Das 16 concessões com problemas, quatro estão próximas de um acordo e devem render R$ 20 bilhões: a MSVIA, responsável por um trecho sob concessão da BR-163 em Mato Grosso do Sul; a ECO 101, que cuida da BR-101 entre Espírito Santo e Bahia; a Via Bahia, concessionária que administra vários trechos federais no estado; e a Arteris Fluminense, que tem a concessão da BR-101 entre Niterói e Campos dos Goytacazes (RJ).

Frederico Favacho, sócio do escritório Santos Neto Advogados e especialista em infraestrutura, observa que a portaria assinada pelo Ministério dos Transportes fecha um ciclo importante de regulamentação da área de logística.

“Começou lá atrás, no governo Dilma, com a reformulação da lei dos portos, eliminando o gargalo portuário, avançou com as concessões de aeroportos, a nova regulamentação das ferrovias, por meio do regime de autorização do governo Bolsonaro, e agora, com essa portaria que pode destravar as concessões rodoviárias”, diz o especialista.

Em relação às ferrovias, o pedido de revisão do caderno de encargos da renovação da Rumo Malha Paulista - uma das quatro ferrovias que assinaram novos contratos entre 2020 e 2022 -, feito ao TCU, abriu uma brecha para o governo ensaiar uma revisão de todas as renovações antecipadas.

Embora o grupo de trabalho do governo ainda não tenha produzido nenhum documento, no Ministério dos Transportes fala-se da necessidade alterar dois parâmetros dos contratos que tiveram a antecipação de renovação homologada.

Um deles é o Custo Médio Ponderado de Capital (WACC, na sigla em inglês) , que diz respeito à taxa utilizada para descontar os fluxos de caixa dos empreendimentos a serem licitados ou em processo de prorrogação dos contratos de ferrovias. O outro é o cálculo da Base de Ativos.

A Vale, que opera as concessões da Estrada de Ferro Carajás e da Estrada de Ferro Vitória a Minas, disse por meio de nota que o processo de renovação das concessões foi estritamente regular.

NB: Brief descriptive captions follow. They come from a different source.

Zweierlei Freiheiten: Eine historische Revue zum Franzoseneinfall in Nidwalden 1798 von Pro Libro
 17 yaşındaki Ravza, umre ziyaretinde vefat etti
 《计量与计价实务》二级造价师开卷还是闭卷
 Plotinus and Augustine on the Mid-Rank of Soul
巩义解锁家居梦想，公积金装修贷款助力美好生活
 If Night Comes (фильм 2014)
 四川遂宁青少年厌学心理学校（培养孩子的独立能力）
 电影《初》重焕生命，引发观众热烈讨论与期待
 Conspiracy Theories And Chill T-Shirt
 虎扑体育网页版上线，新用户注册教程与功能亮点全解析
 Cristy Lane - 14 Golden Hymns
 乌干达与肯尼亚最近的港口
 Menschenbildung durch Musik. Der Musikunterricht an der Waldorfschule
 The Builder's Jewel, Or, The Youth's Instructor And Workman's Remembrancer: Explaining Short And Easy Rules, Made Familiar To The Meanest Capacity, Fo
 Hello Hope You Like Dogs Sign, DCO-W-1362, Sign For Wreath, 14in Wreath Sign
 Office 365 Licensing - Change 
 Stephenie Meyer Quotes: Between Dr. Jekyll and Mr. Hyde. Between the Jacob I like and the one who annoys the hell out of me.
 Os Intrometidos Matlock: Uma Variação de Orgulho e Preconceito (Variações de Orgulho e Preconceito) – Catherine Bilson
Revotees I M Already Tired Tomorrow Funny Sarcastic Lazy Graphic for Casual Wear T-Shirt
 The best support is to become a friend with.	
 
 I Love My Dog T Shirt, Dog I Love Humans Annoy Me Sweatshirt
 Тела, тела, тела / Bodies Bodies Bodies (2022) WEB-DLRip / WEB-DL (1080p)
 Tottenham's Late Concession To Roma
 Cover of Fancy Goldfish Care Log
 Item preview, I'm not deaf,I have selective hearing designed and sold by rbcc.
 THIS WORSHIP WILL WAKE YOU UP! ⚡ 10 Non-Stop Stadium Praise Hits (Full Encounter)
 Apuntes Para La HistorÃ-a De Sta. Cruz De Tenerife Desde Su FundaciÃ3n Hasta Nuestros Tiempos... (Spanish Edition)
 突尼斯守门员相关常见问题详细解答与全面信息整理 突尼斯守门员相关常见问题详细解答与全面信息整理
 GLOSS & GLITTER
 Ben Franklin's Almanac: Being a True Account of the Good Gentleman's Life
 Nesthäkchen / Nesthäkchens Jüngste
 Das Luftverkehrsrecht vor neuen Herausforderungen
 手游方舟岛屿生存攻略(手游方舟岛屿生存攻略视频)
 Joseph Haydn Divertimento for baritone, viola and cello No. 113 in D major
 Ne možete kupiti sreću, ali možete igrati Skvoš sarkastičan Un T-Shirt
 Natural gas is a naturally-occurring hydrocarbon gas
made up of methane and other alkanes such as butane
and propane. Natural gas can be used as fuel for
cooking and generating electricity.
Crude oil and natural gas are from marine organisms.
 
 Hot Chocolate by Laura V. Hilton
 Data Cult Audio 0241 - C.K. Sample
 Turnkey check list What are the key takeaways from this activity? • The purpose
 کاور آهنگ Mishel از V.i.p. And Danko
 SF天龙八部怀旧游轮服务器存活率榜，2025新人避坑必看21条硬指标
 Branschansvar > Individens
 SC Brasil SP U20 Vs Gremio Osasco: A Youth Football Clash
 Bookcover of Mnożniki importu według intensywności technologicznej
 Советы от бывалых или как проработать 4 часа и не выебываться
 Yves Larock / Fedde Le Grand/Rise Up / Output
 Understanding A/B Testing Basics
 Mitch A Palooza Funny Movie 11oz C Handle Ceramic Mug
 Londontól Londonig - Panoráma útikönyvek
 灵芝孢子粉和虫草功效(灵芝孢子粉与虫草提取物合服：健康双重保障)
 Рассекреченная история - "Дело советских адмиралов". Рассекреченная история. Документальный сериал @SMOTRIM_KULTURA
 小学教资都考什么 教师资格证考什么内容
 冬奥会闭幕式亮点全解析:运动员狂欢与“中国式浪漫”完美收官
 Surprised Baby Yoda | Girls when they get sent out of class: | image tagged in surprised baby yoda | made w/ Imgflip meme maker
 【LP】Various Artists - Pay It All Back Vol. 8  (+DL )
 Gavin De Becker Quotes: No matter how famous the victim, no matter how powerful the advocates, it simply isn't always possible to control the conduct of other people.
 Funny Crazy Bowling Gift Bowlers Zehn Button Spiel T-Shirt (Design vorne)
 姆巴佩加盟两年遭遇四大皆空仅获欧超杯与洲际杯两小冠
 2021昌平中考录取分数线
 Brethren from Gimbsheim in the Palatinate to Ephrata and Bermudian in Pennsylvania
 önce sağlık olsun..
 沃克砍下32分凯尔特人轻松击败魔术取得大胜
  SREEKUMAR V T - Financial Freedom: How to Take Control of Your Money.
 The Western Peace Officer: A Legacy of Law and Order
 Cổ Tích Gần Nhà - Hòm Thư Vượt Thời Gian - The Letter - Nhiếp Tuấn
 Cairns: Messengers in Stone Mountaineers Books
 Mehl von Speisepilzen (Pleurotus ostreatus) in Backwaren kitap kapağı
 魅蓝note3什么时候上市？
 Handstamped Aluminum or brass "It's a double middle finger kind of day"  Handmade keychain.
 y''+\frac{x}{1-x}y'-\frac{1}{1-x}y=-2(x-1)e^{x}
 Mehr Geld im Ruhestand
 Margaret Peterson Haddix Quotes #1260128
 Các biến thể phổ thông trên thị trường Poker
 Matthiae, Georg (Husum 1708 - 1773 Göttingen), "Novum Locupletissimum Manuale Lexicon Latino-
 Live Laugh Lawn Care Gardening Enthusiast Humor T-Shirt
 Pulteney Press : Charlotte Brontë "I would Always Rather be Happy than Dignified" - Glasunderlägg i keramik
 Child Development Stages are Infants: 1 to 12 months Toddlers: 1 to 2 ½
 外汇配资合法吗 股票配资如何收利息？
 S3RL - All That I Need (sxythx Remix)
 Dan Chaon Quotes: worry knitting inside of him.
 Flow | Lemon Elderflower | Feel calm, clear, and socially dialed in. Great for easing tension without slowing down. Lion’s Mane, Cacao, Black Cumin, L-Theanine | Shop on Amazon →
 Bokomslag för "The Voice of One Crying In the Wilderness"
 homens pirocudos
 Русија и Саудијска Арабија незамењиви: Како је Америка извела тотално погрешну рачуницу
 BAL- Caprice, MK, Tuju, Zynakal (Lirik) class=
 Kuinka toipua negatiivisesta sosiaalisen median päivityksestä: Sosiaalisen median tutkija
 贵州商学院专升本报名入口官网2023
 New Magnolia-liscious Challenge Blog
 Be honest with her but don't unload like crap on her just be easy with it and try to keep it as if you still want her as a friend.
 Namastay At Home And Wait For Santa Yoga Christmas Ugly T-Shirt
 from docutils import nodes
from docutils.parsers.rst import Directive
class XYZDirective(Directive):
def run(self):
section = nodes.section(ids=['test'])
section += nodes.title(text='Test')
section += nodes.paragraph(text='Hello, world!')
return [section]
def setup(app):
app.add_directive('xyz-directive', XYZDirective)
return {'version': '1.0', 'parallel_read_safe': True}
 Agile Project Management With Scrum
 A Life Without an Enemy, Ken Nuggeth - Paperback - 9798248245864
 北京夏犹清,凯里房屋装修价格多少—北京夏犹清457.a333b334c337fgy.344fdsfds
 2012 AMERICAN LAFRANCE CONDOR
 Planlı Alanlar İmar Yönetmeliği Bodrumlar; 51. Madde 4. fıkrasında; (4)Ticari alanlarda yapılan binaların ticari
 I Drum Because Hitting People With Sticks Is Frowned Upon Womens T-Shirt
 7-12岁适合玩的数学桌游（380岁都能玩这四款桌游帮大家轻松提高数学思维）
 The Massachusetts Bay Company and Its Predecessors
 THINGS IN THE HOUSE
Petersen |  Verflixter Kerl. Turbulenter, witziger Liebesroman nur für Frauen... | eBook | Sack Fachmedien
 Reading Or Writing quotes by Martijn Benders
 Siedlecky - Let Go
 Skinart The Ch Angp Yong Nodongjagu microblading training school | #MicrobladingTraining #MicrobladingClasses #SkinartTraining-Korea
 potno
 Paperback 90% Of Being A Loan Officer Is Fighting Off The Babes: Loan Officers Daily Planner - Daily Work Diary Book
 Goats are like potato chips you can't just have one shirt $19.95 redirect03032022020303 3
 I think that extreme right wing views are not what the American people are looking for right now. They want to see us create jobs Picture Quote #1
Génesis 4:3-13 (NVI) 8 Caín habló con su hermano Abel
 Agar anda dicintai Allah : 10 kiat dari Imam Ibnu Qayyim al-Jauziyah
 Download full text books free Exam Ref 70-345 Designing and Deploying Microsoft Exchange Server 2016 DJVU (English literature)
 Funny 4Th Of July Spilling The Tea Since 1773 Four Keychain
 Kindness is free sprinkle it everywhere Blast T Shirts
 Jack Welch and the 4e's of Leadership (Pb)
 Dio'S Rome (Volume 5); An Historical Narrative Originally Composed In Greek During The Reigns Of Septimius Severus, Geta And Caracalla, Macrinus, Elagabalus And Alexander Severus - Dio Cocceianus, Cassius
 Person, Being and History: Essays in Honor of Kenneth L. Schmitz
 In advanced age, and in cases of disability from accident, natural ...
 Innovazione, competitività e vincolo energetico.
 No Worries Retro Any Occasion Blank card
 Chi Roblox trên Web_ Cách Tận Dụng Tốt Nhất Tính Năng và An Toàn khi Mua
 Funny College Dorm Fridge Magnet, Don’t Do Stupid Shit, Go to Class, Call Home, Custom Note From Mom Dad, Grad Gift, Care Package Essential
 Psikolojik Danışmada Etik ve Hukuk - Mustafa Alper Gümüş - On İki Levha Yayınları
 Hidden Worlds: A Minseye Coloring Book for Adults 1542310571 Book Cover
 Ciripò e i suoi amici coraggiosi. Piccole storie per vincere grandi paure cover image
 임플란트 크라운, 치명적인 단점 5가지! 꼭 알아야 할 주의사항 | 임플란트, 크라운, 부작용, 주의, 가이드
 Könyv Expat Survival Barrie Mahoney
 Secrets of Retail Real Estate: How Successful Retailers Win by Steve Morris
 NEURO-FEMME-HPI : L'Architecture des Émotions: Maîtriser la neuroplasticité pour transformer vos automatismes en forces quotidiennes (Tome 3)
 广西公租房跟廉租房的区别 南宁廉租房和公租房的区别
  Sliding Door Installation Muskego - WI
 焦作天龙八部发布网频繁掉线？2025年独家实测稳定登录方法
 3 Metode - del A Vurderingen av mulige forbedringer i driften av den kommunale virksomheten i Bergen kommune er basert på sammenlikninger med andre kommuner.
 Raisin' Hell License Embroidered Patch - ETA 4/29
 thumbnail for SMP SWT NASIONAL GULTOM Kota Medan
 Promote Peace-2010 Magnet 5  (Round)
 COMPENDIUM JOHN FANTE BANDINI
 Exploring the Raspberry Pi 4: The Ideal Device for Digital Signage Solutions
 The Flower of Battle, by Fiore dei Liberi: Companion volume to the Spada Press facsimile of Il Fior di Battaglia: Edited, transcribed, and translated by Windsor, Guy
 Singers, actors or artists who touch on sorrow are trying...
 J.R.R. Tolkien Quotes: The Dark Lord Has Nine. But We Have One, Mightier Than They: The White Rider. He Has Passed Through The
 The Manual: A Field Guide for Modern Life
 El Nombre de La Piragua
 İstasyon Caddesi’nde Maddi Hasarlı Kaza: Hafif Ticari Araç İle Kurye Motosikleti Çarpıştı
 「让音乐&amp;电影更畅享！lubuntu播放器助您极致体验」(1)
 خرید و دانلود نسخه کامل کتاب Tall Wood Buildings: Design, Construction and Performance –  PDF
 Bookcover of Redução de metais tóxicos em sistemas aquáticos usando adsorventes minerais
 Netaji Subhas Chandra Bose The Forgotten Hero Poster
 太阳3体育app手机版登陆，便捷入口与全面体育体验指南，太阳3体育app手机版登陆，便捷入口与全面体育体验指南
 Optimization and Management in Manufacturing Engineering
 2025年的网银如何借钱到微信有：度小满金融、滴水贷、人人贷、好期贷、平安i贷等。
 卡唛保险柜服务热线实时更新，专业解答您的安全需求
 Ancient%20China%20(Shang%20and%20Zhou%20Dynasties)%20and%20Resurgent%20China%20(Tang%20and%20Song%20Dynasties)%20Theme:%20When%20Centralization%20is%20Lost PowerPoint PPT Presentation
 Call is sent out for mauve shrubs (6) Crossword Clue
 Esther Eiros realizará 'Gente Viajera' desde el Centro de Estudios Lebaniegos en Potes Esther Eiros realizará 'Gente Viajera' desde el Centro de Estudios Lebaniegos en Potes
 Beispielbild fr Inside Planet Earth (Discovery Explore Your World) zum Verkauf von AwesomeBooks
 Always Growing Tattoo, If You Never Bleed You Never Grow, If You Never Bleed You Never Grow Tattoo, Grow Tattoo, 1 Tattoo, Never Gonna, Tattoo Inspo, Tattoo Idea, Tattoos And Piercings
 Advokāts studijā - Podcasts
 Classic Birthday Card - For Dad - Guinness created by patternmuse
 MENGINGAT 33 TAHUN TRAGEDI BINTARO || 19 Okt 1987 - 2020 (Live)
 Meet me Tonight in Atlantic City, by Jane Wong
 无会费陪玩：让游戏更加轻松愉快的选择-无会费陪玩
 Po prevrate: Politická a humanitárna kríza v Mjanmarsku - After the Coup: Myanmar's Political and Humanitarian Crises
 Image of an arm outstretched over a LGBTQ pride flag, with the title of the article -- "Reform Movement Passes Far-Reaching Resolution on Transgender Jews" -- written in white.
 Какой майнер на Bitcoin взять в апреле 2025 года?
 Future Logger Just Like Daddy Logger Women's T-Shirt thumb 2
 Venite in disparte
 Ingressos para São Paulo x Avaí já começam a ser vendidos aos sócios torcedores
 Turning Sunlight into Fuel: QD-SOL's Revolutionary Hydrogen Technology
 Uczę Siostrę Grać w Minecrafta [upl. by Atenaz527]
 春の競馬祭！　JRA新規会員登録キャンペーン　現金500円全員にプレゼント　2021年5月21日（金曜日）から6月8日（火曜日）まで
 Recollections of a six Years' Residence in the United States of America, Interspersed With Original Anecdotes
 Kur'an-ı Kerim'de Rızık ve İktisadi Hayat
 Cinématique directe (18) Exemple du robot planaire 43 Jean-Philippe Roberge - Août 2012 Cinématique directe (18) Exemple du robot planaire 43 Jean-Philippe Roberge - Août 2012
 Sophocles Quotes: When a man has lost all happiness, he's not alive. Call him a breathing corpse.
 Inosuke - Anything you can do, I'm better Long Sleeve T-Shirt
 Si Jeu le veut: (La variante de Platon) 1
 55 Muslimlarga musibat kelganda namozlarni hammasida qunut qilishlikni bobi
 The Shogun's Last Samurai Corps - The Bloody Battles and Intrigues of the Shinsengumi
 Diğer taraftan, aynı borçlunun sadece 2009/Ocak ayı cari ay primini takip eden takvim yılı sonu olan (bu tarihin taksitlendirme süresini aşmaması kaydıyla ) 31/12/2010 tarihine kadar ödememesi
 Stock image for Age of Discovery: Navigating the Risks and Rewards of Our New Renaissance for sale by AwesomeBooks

“Dezenas de audiências públicas foram realizadas para debater a renovação antecipada e os processos também foram apreciados e aprovados por unanimidade pelo plenário do TCU”, afirma a empresa. “A Vale está cumprindo todas as obrigações decorrentes da renovação.”

A intenção do governo de reexaminar esses contratos já readequados foi confirmada pelo ministro da Casa Civil, Rui Costa, no lançamento do Novo PAC, no dia 11 de agosto.

Segundo ele, o ministro dos Transportes, Renan Filho, está identificando e renegociando todos os contratos de ferrovias vencidos e que estão a vencer.

“Queremos que seja restituído ao povo brasileiro o valor devido por essas renovações”, disse Costa. “A estimativa é que possamos chegar a um pouco mais de R$ 30 bilhões de recursos que serão investidos na malha ferroviária nacional.”